Saturday, July 4, 2015

The Tooth Fairy Is My Hero

Jules isn’t a baby anymore.

She reads a little, swims a lot, and in a couple of weeks is going into kindergarten. But most of important of all, she has loose teeth. When you’re four going on five, that’s almost as big a deal as getting married.

Last night was exciting for her—her first baby tooth departed this life, leaving her a tiny bit toothless.
But it didn’t go without a fight. She and Allie and Will came to play at our house while their mama taught a few piano lessons at home yesterday, and Katy texted us before we picked them up.
“There’s a good chance Juliet will lose her first tooth today. You gotta take a picture for me if she’s at your place!”
Jules was pre-occupied all afternoon, focused on wiggling the little escapee with her finger and not so much on playing with the dolls. She definitely had a lot on her mind. But when it was time to take the kiddos home, there were no pictures.
The tooth was still hanging on.
We picked up a pizza on the way, and sat around the table with Katy and the kids, talking and eating. Suddenly, Jules was crying—that little tooth was trying to make a run for it. Turns out, hand tossed crusts are as good at twisting loose teeth as caramel apples.
But the tooth was still there—just a little sideways now. And instead of excitement, Jules had fear in her eyes.
“I don’t want you to pull it, Mama,” she said, as tears ran down her face.
“My teeth didn’t hurt at all when they fell out,” big sister, Allie, tried to encourage her.
“It’s just like pulling a carrot out of your garden,” I told her. “It doesn’t hurt the carrot and it doesn’t hurt the ground.” Guess how well that sage advice went over. Grandmas can’t remember how it feels to lose teeth. Well, some of them can.
But Katy had the magic answer. 
“Do you want to talk to Daddy?” she asked.
Jules wiped away a tear and nodded. So they got him on the phone, switched it over to face time so he could see the renegade tooth all the way from his fire station, and Jules started smiling again.
“You don’t have to pull it out,” he told her. “Just keep wiggling it with your tongue.”
“Yeah,” she said cheerfully, “I think it’ll come out tomorrow on Dependence Day!”
Firefighter daddies save the day every time. Jules went back to eating, we went back to talking, Daddy went back to working, and a few minutes later Katy asked Juliet to open her mouth so she could check on the dangling tooth.
“Jules!” she said in surprise. “Your tooth is gone!”
We all looked at each other and then at the gap in her mouth. Sure enough, the tooth was gone. Really gone. It wasn’t in her mouth or on her plate or stuck in her pizza. We expected more tears then. Cuz how do you explain to the Tooth Fairy that you still want her money but it might be a lot harder for her to retrieve the tooth she came for?
But Jules was jubilant. And trusting. She knew the Tooth Fairy would do the right thing. She and Allie went in to the craft table in the other room and, pencils in hand, explained everything—Jules with a hand drawn sketch of the whole event, and Allie with a written explanation on behalf of her little sister.

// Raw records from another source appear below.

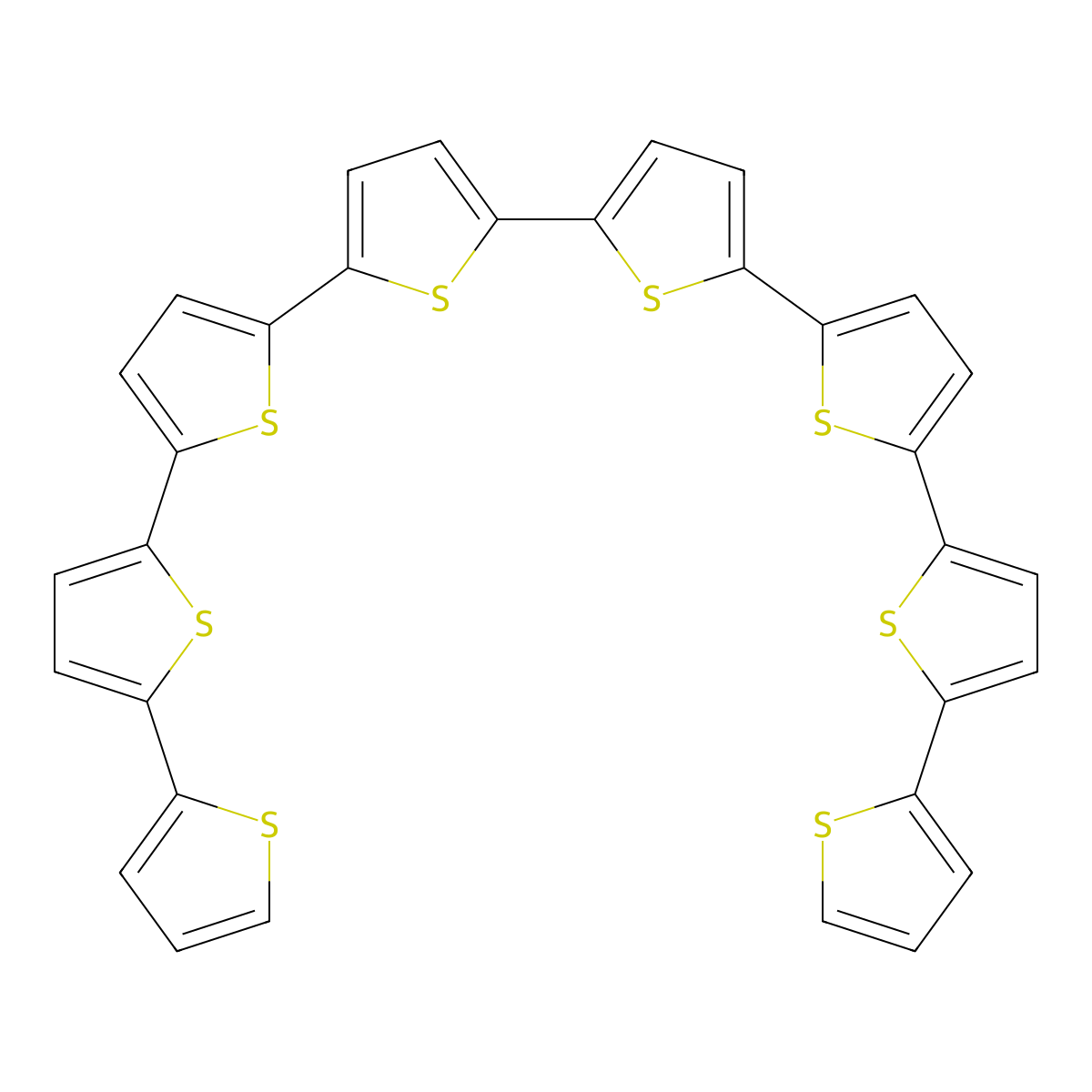 1~2~,2~2~:2~5~,3~2~:3~5~,4~2~:4~5~,5~2~:5~5~,6~2~:6~5~,7~2~:7~5~,8~2~-Octithiophene molecular structure, CAS 113728-71-5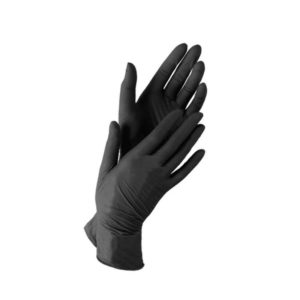 Rokavice nitril brez pudra 100 kos/pak črne XL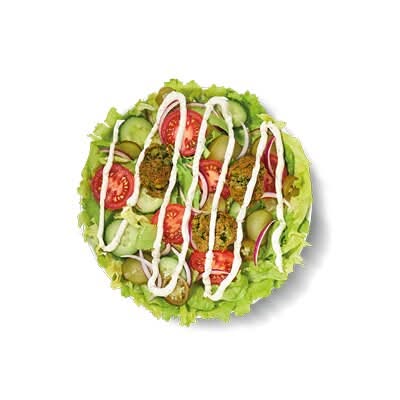 Smashed Falafel (V)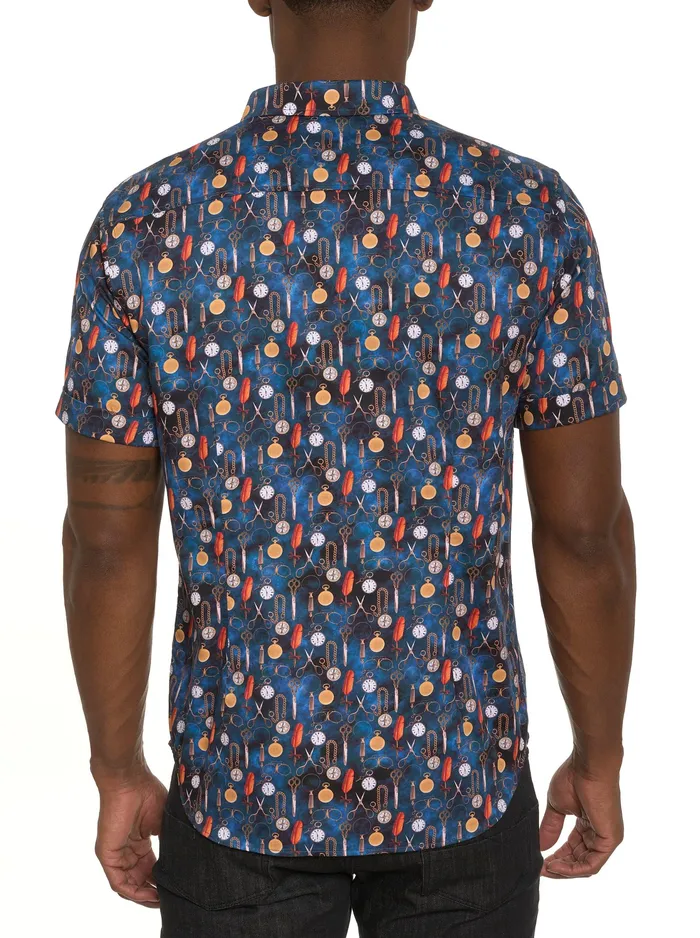 Robert Graham Short Sleeve Button Down Shirts Men POCKETWATCH SHORT SLEEVE BUTTON DOWN SHIRT Multi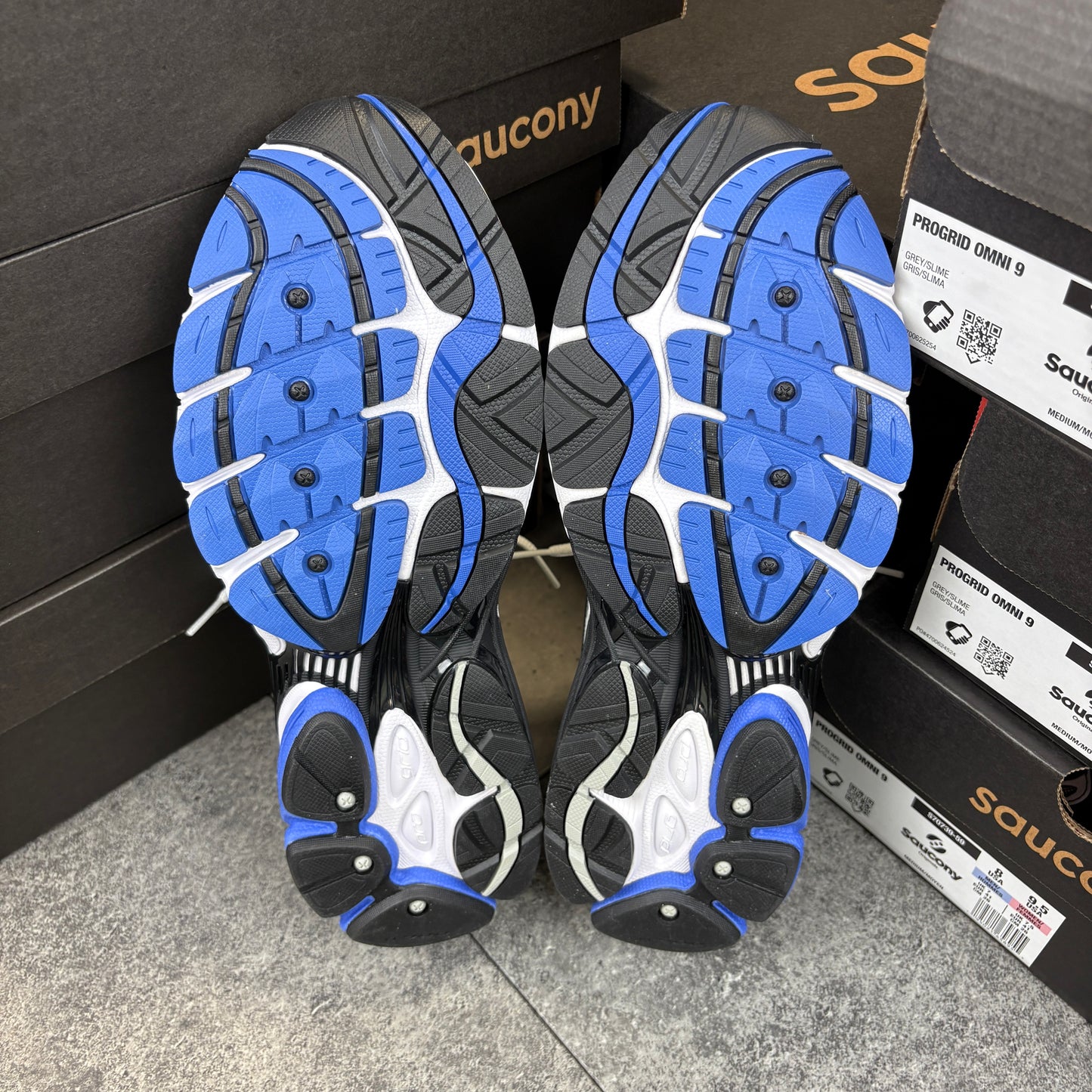 Saucony Pro Grid Omni 9 “Cobalt / Silver”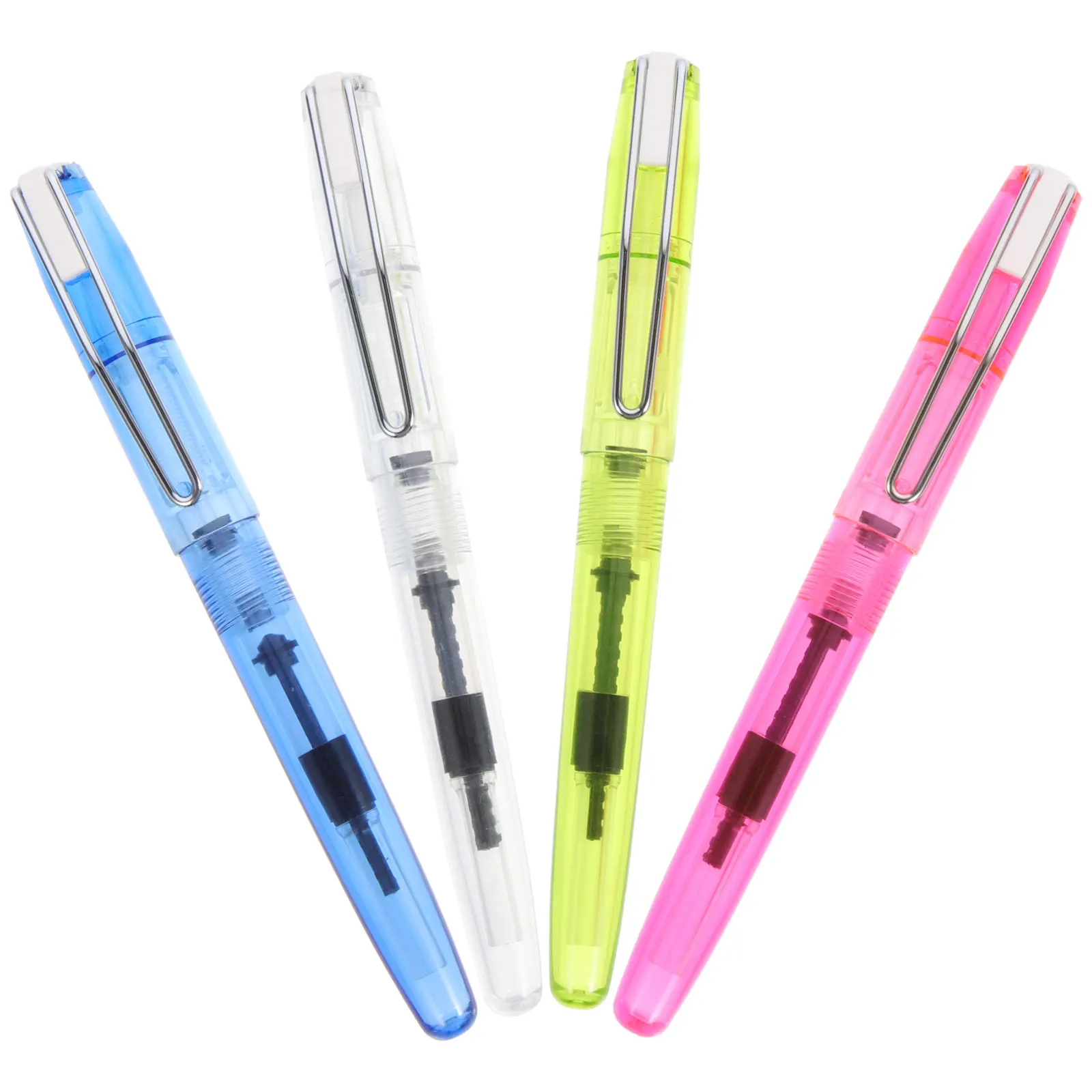 

4 Pcs Watercolor Brush Pen Refillable Fountain Pen Multicolor Paint Pens Calligraphy Art Drawing Reusable Large Ink Storage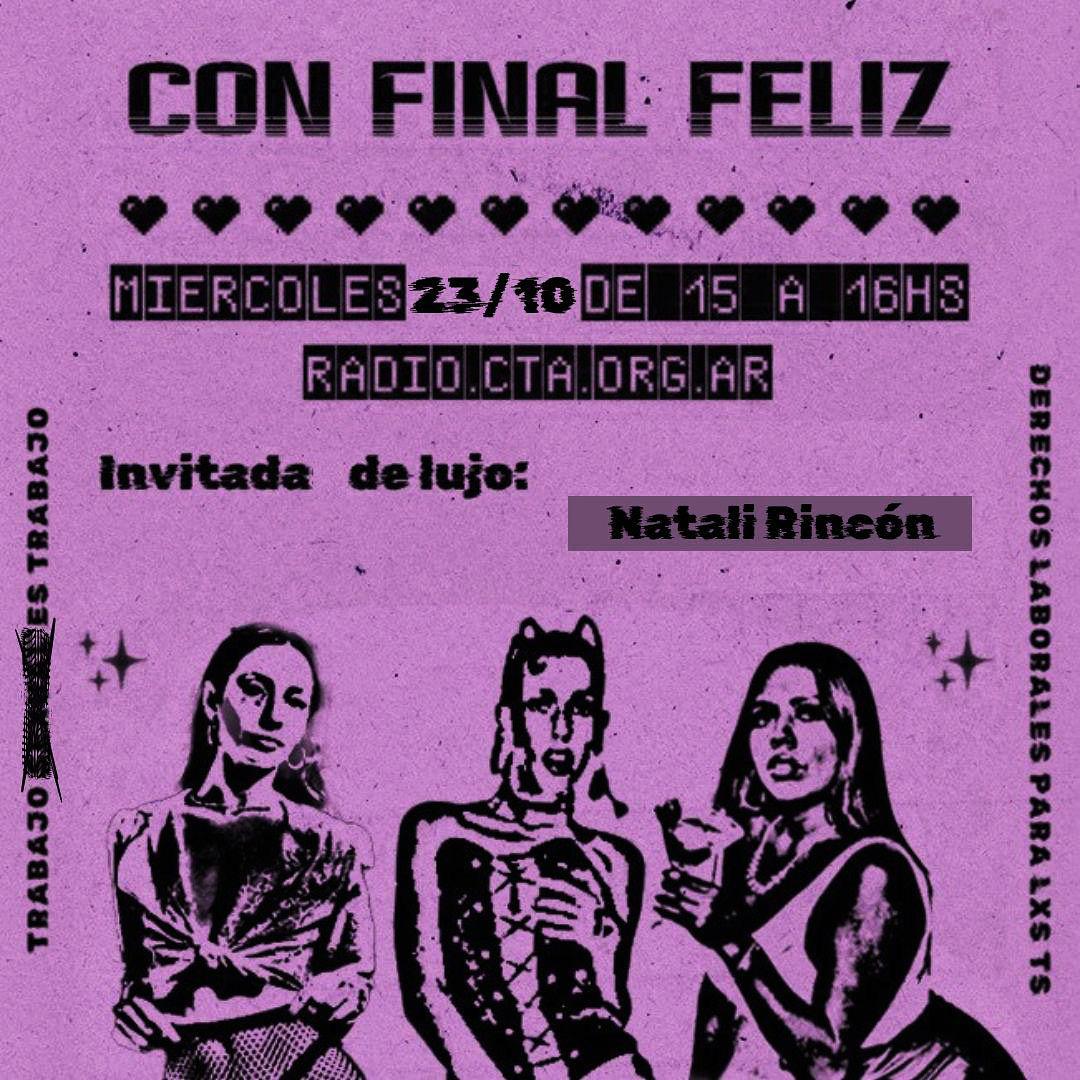 📻Miércoles de <a href="/confinalfeliz/">xiana</a> el programa de <a href="/ammarsindicat/">Putas Feministas</a>
🦁@soleoilhaborda nos trae la historia del Plurinacional 
👸🏼invitada de Lujo: @natalirincon
🤗Te lo vas a perder?
Escúchanos en vivo ➡️ radio.cta.org.ar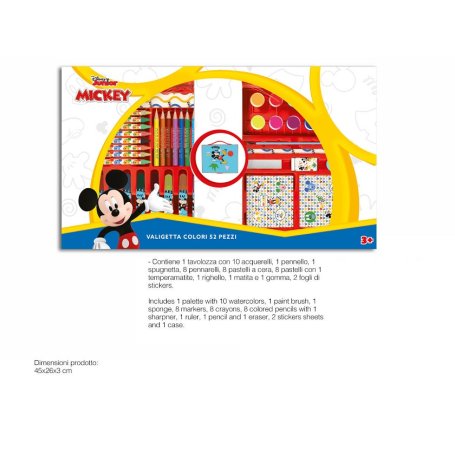 VALIGETTA COLORI 52PZ MICKEY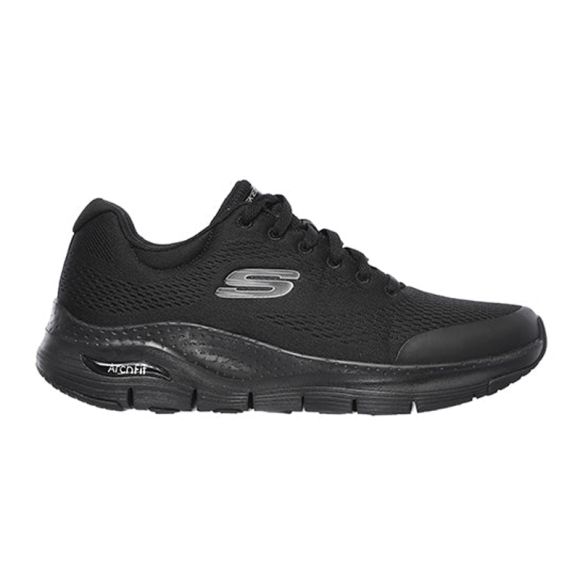 Herresneaker, Sort, Skechers Herresneaker, Sort, Skechers
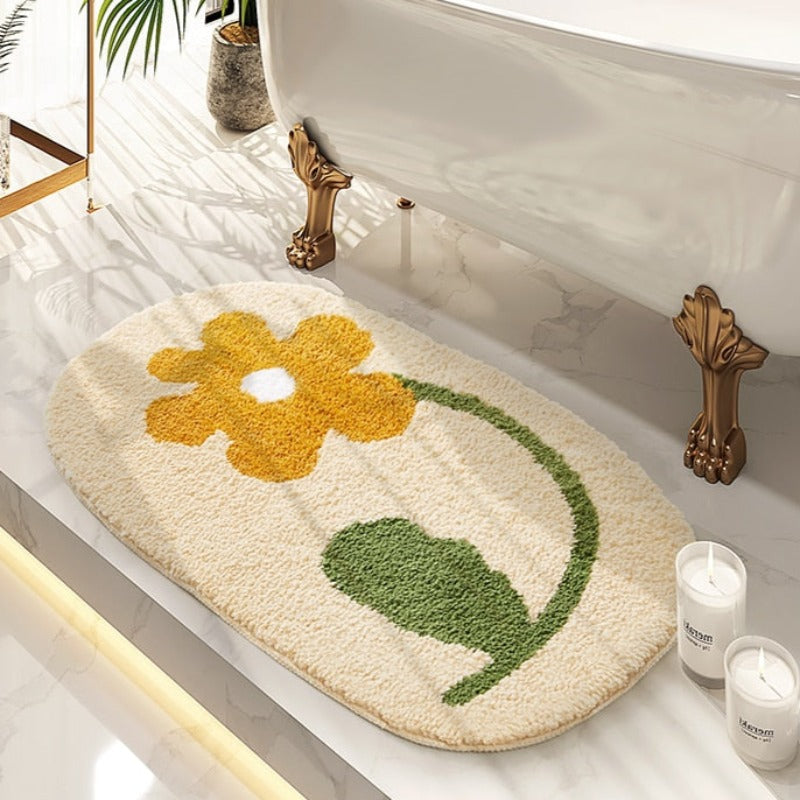 Marigold Flower Bath Mat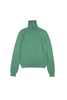 Como Light High-Neck Sweater Green in Tencel & Silk
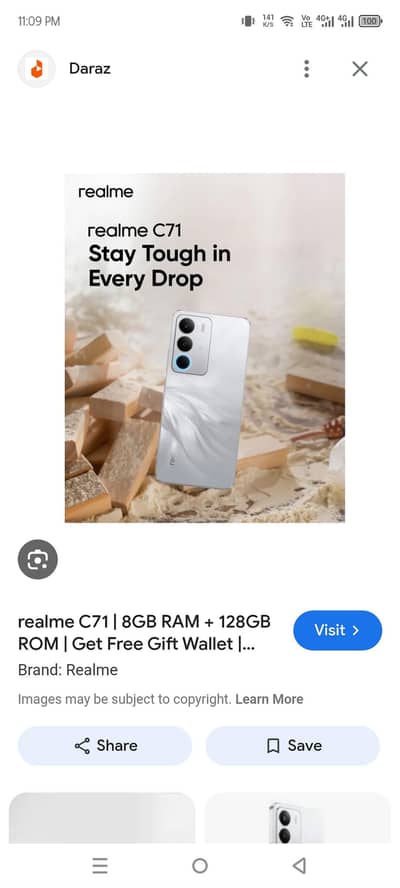 Realme C71 For sale  just 2 month use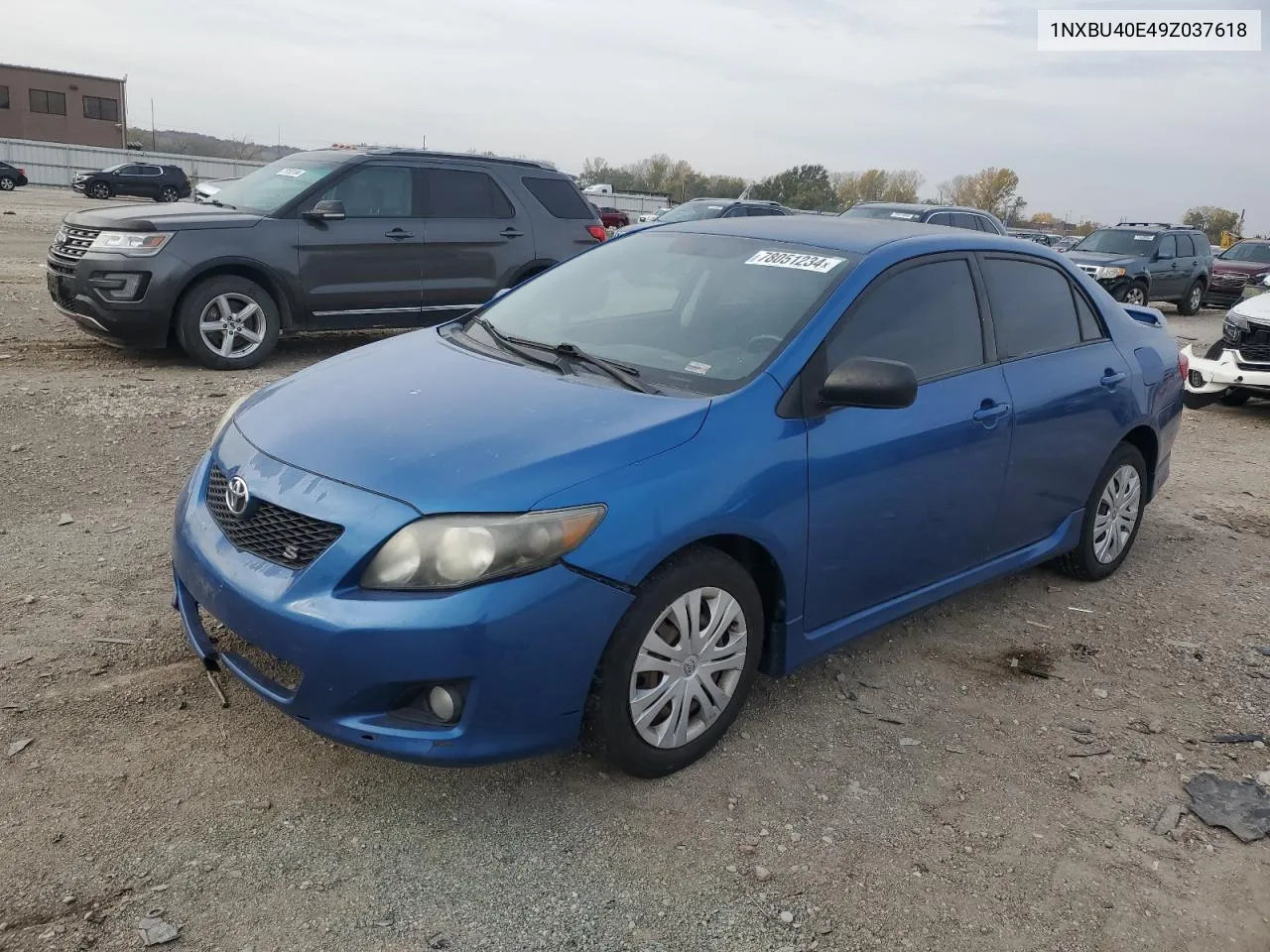 2009 Toyota Corolla Base VIN: 1NXBU40E49Z037618 Lot: 78051234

They put the documentation under Jules’ pillow later that night, and the Tooth Fairy—who wasn’t attending her first rodeo—made good with the money.
I think of all of childhood’s heroes, the Tooth Fairy is my favorite—even more than Santa Claus.

She doesn’t care if you’ve been good or bad, she doesn’t watch you while you sleep, and she doesn’t make you wait all year before she brings good things to you. Most important of all, though—if you accidently swallow the evidence, she still keeps her end of the bargain.
And whether you’re four going on five, or forty-nine going on fifty, we all need that kind of grace in our lives.
Thanks, Tooth Fairy. You rocked it again.